Pitch 1: Begin on an open book at the north end of The Sentinel (west face). First 15 feet or so are difficult to protect but go at about 5.5. Continue through the offwidth section (5.6) and place a #4 Camalot. Continue up and right through some bushes through easy 5th class and trend right to a tree with some webbing wrapped around it. Belay here.

Pitch 2: Continue up from the tree, trending slightly left. Pass through some loose rock (can be difficult to protect) through some 5.5 or 5.6 climbing, placing pro where you can. Continue up through the offwidth (need #5 cam to protect) to a ledge, and then right to another ledge. Belay here (can use cordelette off rocks for anchor).

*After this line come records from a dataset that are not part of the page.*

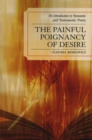 The Painful Poignancy of Desire : An Introduction to Romantic and Postromantic Poetry - Book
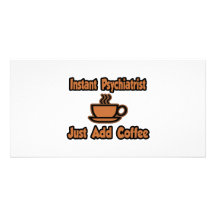 Instant Psychiatrist...Just Add Coffee Photo Card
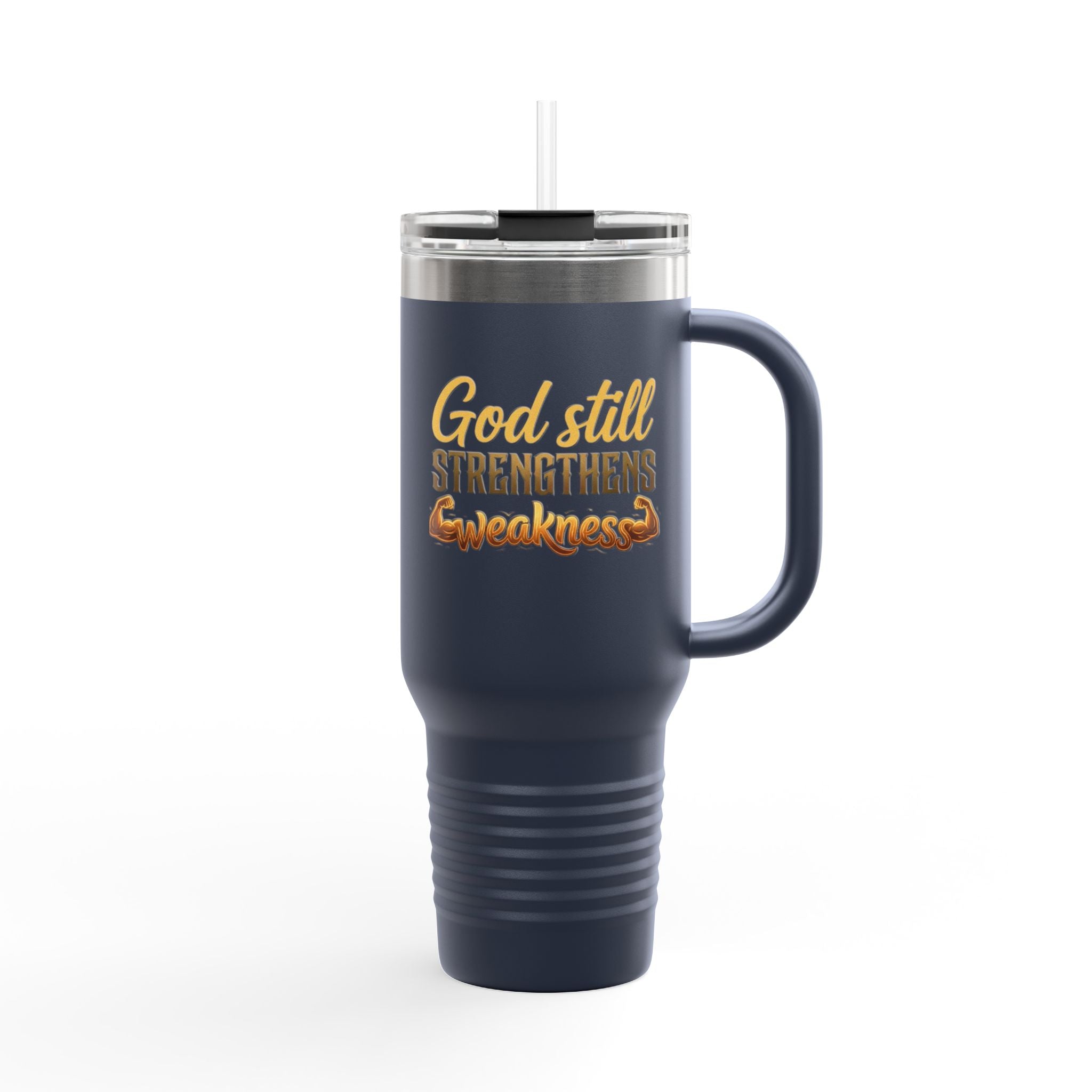 God Still Strengthens Weakness | 40oz Insulated Travel Mug | ST. VON'S FLAIR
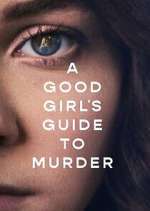Watch A Good Girl's Guide to Murder Watch123movies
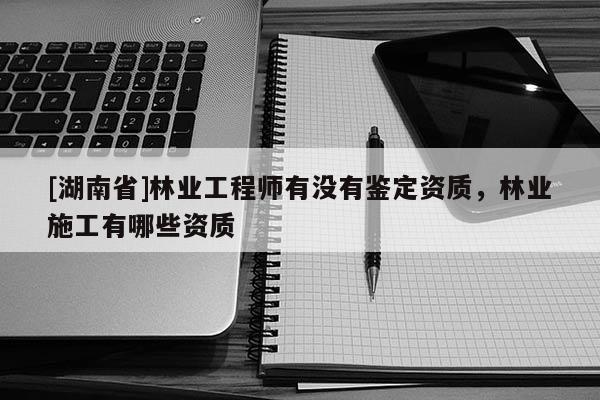 [湖南省]林業(yè)工程師有沒有鑒定資質(zhì)，林業(yè)施工有哪些資質(zhì)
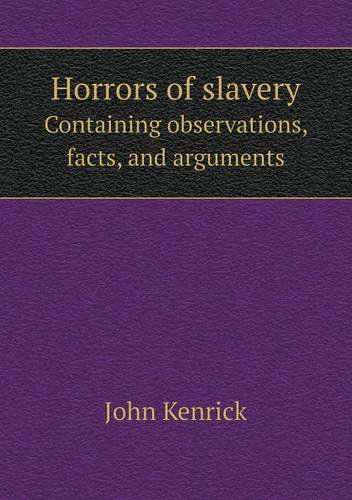 Cover for John Kenrick · Horrors of Slavery Containing Observations, Facts, and Arguments (Pocketbok) (2013)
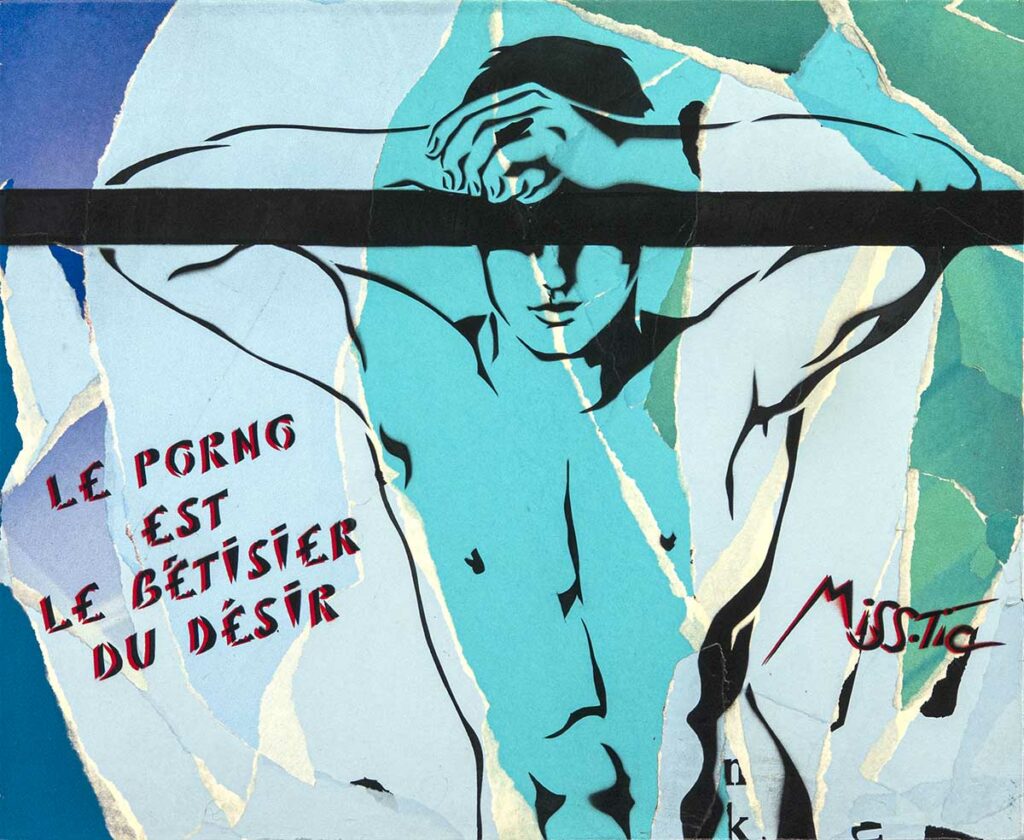 Le Porno est le bêtisier du désir, Oeuvre sur toile de Miss.tic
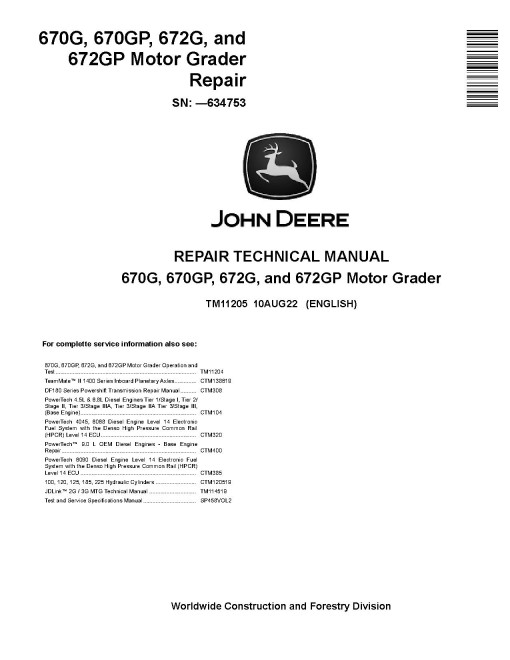 John Deere 670G, 670GP, 672G and 672GP Motor Graders (SN. before 634753) Repair Manual (TM11205) John Deere 670G, 670GP, 672G and 672GP Motor Graders (SN. before 634753) Repair Manual (TM11205)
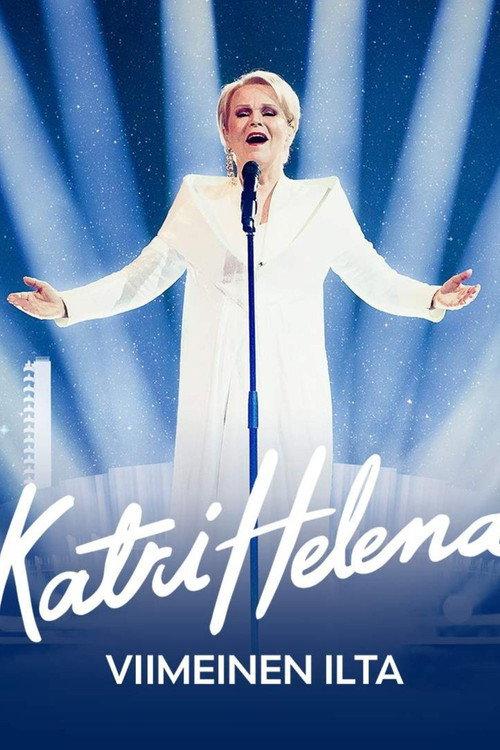 Katri Helena - Viimeinen ilta  official movie poster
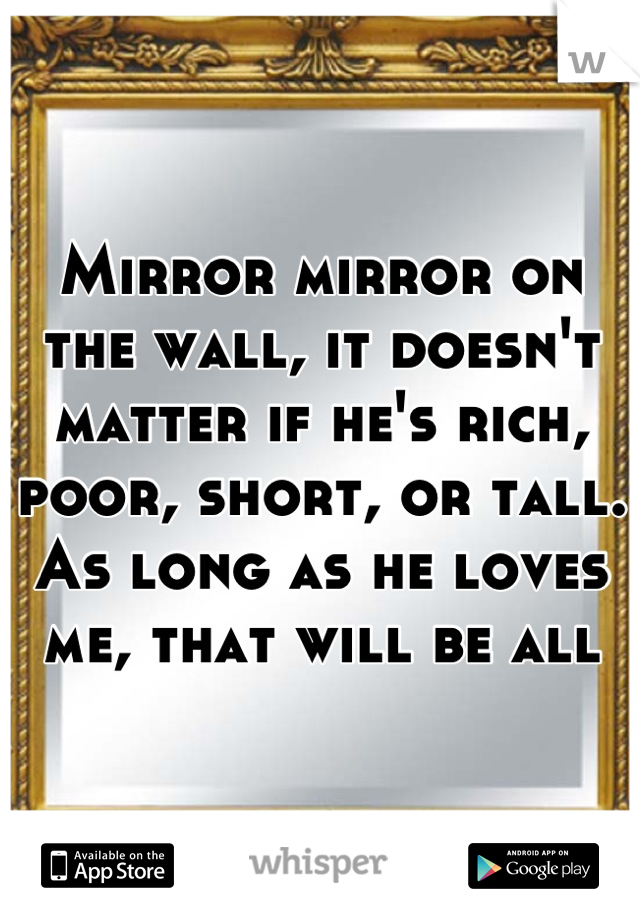 Mirror mirror on the wall, it doesn't matter if he's rich, poor, short, or tall. As long as he loves me, that will be all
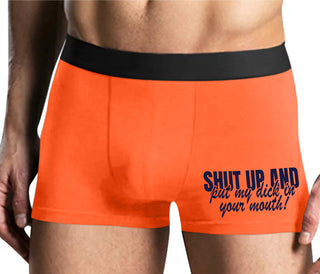 Shut Up and Put My Dick In Your Mouth - Mens Orange Boxer Brief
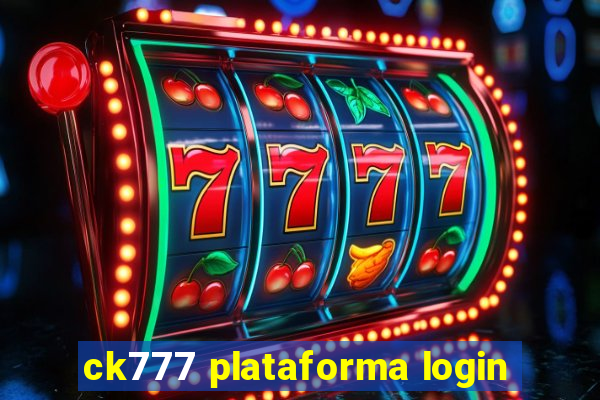 ck777 plataforma login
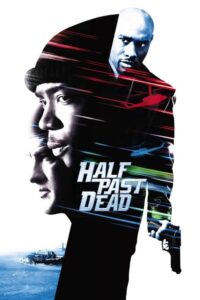 Half Past Dead Movie mp4movies
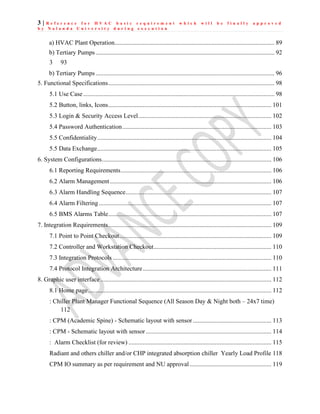 3 | R e f e r e n c e f o r H V A C b a s i c r e q u i r e m e n t w h i c h w i l l b e f i n a l l y a p p r o v e d
b y N a l a n d a U n i v e r s i t y d u r i n g e x e c u t i o n
a) HVAC Plant Operation...................................................................................................... 89
b) Tertiary Pumps .................................................................................................................. 92
3 93
b) Tertiary Pumps .................................................................................................................. 96
5. Functional Specifications.......................................................................................................... 98
5.1 Use Case.......................................................................................................................... 98
5.2 Button, links, Icons........................................................................................................ 101
5.3 Login & Security Access Level..................................................................................... 102
5.4 Password Authentication............................................................................................... 103
5.5 Confidentiality............................................................................................................... 104
5.5 Data Exchange............................................................................................................... 105
6. System Configurations............................................................................................................ 106
6.1 Reporting Requirements................................................................................................ 106
6.2 Alarm Management....................................................................................................... 106
6.3 Alarm Handling Sequence............................................................................................. 107
6.4 Alarm Filtering.............................................................................................................. 107
6.5 BMS Alarms Table........................................................................................................ 107
7. Integration Requirements........................................................................................................ 109
7.1 Point to Point Checkout................................................................................................. 109
7.2 Controller and Workstation Checkout........................................................................... 110
7.3 Integration Protocols ..................................................................................................... 110
7.4 Protocol Integration Architecture.................................................................................. 111
8. Graphic user interface............................................................................................................. 112
8.1 Home page..................................................................................................................... 112
: Chiller Plant Manager Functional Sequence (All Season Day & Night both – 24x7 time)
112
: CPM (Academic Spine) - Schematic layout with sensor.................................................. 113
: CPM - Schematic layout with sensor................................................................................ 114
: Alarm Checklist (for review) ........................................................................................... 115
Radiant and others chiller and/or CHP integrated absorption chiller Yearly Load Profile 118
CPM IO summary as per requirement and NU approval .................................................... 119
 
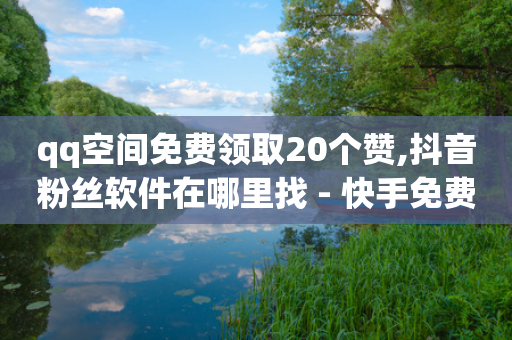 qq空间免费领取20个赞,抖音粉丝软件在哪里找 - 快手免费涨赞涨评论软件 - ks帮实名便宜-第1张图片-靖非智能科技传媒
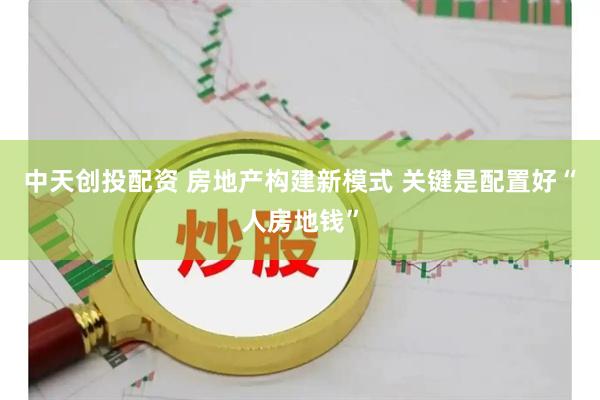 中天创投配资 房地产构建新模式 关键是配置好“人房地钱”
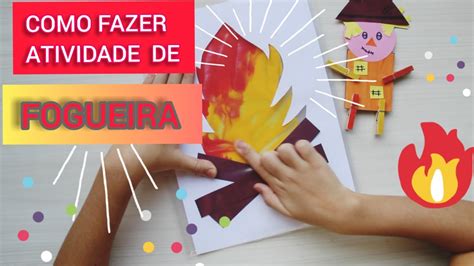 Fogueira Tinta Atividade Festa Junina Educa O Infantil Youtube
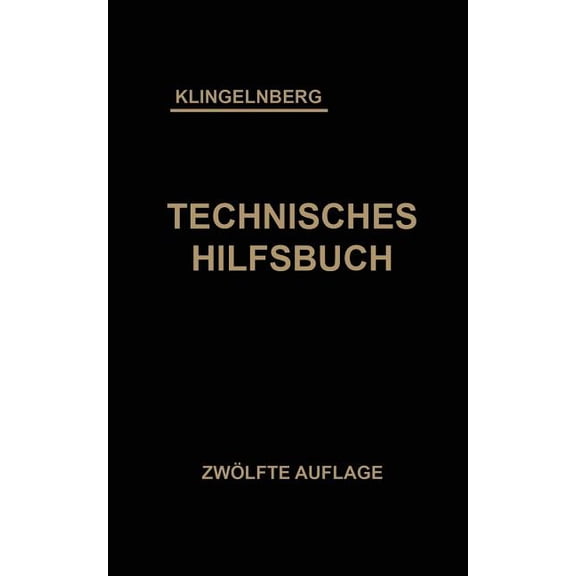 Klingelnberg Technisches Hilfsbuch, (Paperback)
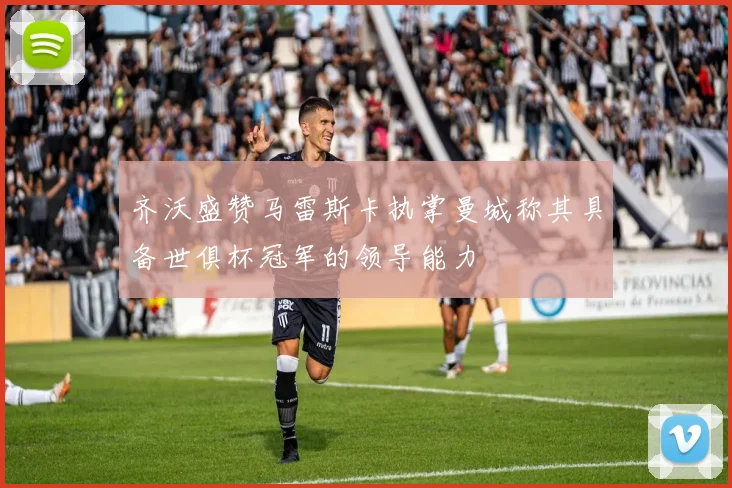 齐沃盛赞马雷斯卡执掌曼城称其具备世俱杯冠军的领导能力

Pitch 3: Continue up easy 5th class to the summit. Could do the climb in two pitches with a 50m rope, but rope drag may be nasty.


Gear: Single set #.4-#5 Camalot

Anchors: Can use webbing/ cordlette around summit boulders

Descent: Walk of the south end of the formation (exposed 4th class), or rappel down Lost Ledge route (south end) with two 60m ropes. There was some new webbing with rap rings already placed when I climbed it (9/2005).


Bill Lawry
New Mexico
  5.7+ PG13
Bill Lawry   New Mexico
  5.7+ PG13
Most of the P2 climbing seems directly above the belay tree. If climbing with a party larger than two, the looseness early in P2 is all the more worrisome. Still, I think this is a route worth repeating.

For ending P2, we belayed immediately above the OW crack on a large ledge.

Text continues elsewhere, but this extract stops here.